* [Assigned task] A verbatim copy of the records is required, with all pictures left out.

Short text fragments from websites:
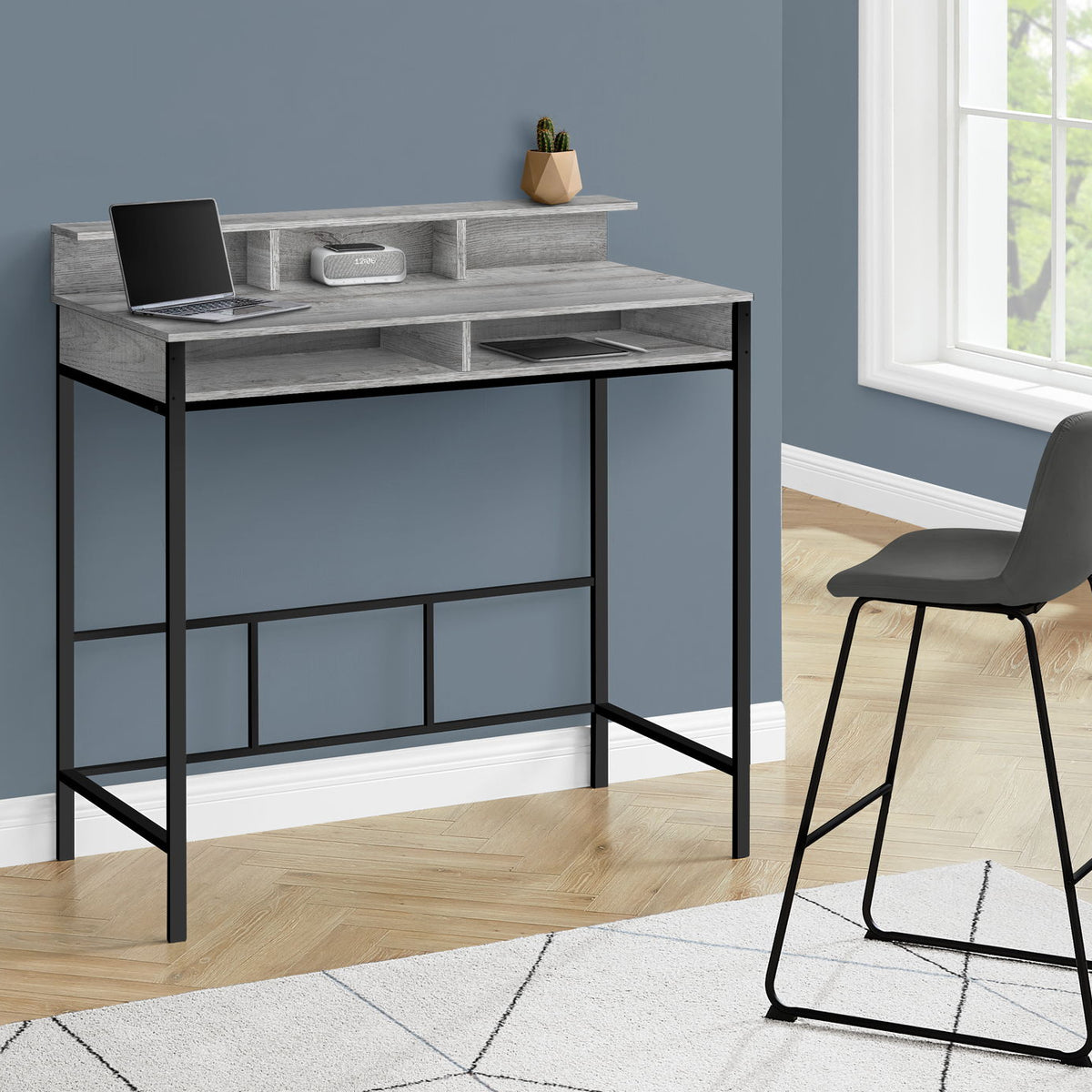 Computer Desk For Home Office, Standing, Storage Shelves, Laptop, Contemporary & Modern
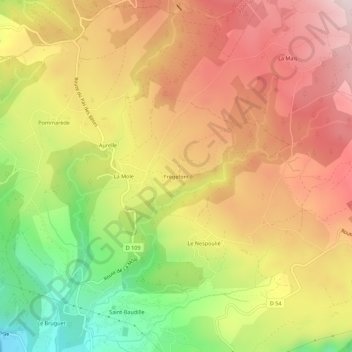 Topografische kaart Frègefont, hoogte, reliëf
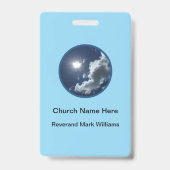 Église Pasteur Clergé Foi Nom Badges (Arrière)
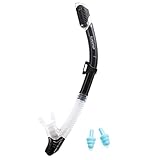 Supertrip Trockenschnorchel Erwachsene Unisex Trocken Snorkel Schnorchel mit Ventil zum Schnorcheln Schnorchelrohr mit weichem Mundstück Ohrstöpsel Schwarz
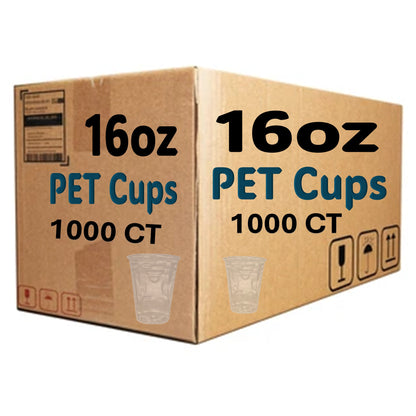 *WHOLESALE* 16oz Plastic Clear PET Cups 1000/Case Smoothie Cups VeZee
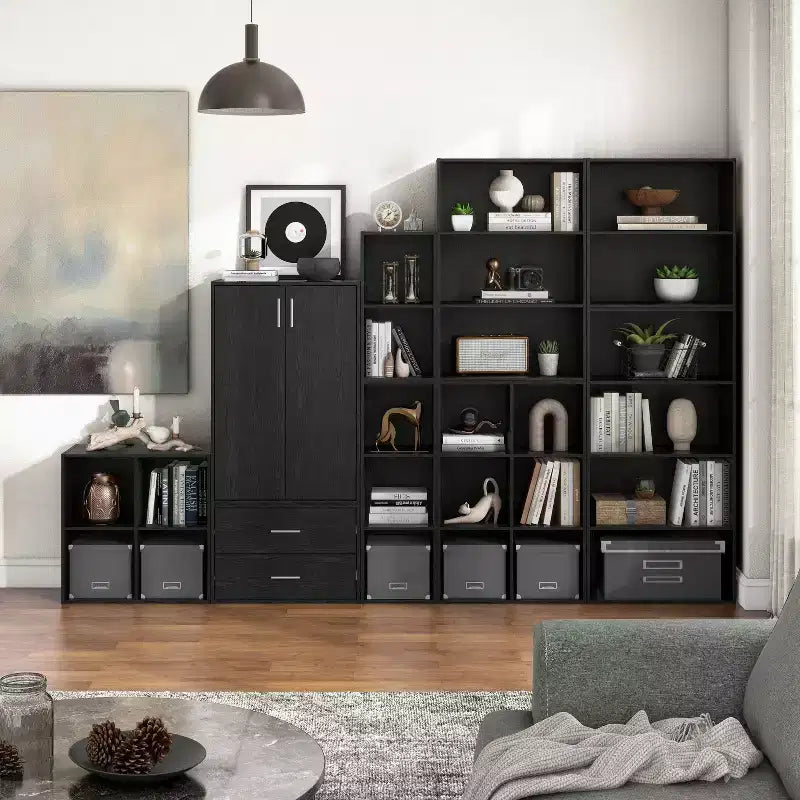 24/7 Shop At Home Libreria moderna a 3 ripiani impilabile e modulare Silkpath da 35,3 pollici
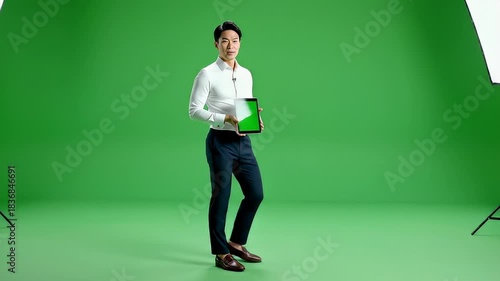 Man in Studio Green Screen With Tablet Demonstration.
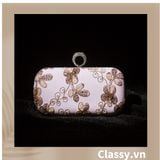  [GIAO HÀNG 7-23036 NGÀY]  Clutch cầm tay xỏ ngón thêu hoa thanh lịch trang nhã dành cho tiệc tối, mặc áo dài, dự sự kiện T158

* [Answer section]
 Computer Desk For Home Office, Standing, Storage Shelves, Laptop, Contemporary & Modern
 Topografische kaart Frègefont, hoogte, reliëf
 Église Pasteur Clergé Foi Nom Badges (Arrière)
 Supertrip Trockenschnorchel Erwachsene Unisex Trocken Snorkel Schnorchel mit Ventil zum Schnorcheln Schnorchelrohr mit weichem Mundstück Ohrstöpsel Schwarz
 *WHOLESALE* 16oz Plastic Clear PET Cups 1000/Case Smoothie Cups VeZee
 24/7 Shop At Home Libreria moderna a 3 ripiani impilabile e modulare Silkpath da 35,3 pollici
 Man in Studio Green Screen With Tablet Demonstration.
  [GIAO HÀNG 7-23036 NGÀY]  Clutch cầm tay xỏ ngón thêu hoa thanh lịch trang nhã dành cho tiệc tối, mặc áo dài, dự sự kiện T158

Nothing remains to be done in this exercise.